**SUPPLIED DATA**
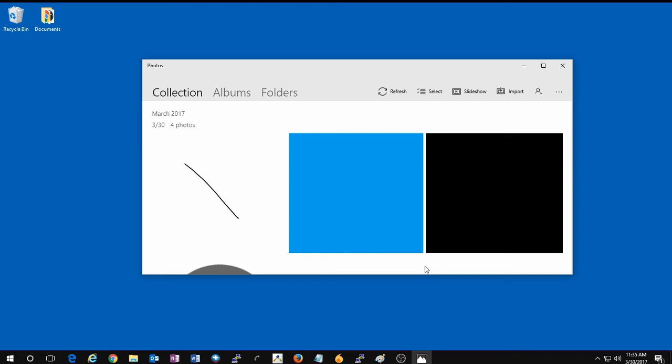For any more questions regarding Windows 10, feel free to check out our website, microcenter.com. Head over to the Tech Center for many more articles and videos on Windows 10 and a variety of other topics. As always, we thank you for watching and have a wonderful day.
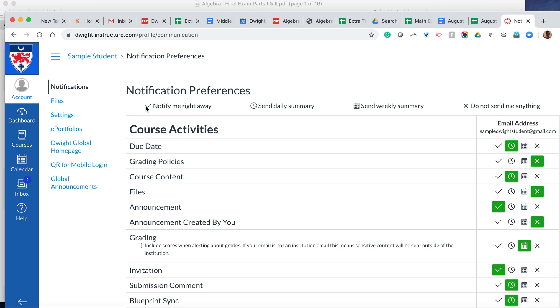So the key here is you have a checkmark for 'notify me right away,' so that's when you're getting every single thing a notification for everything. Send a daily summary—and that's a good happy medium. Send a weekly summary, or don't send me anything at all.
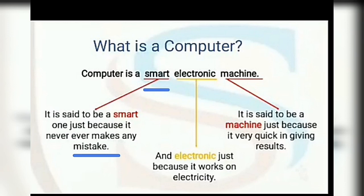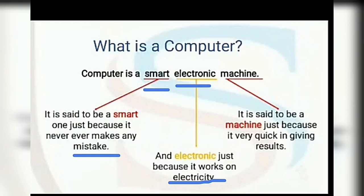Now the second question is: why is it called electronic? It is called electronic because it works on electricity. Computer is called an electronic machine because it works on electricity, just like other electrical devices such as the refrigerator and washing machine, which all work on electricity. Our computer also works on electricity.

**EXERCISE**
All of the data should come back exactly as written, but without pictures.

**WRITTEN ANSWER**
For any more questions regarding Windows 10, feel free to check out our website, microcenter.com. Head over to the Tech Center for many more articles and videos on Windows 10 and a variety of other topics. As always, we thank you for watching and have a wonderful day.
So the key here is you have a checkmark for 'notify me right away,' so that's when you're getting every single thing a notification for everything. Send a daily summary—and that's a good happy medium. Send a weekly summary, or don't send me anything at all.
Now the second question is: why is it called electronic? It is called electronic because it works on electricity. Computer is called an electronic machine because it works on electricity, just like other electrical devices such as the refrigerator and washing machine, which all work on electricity. Our computer also works on electricity.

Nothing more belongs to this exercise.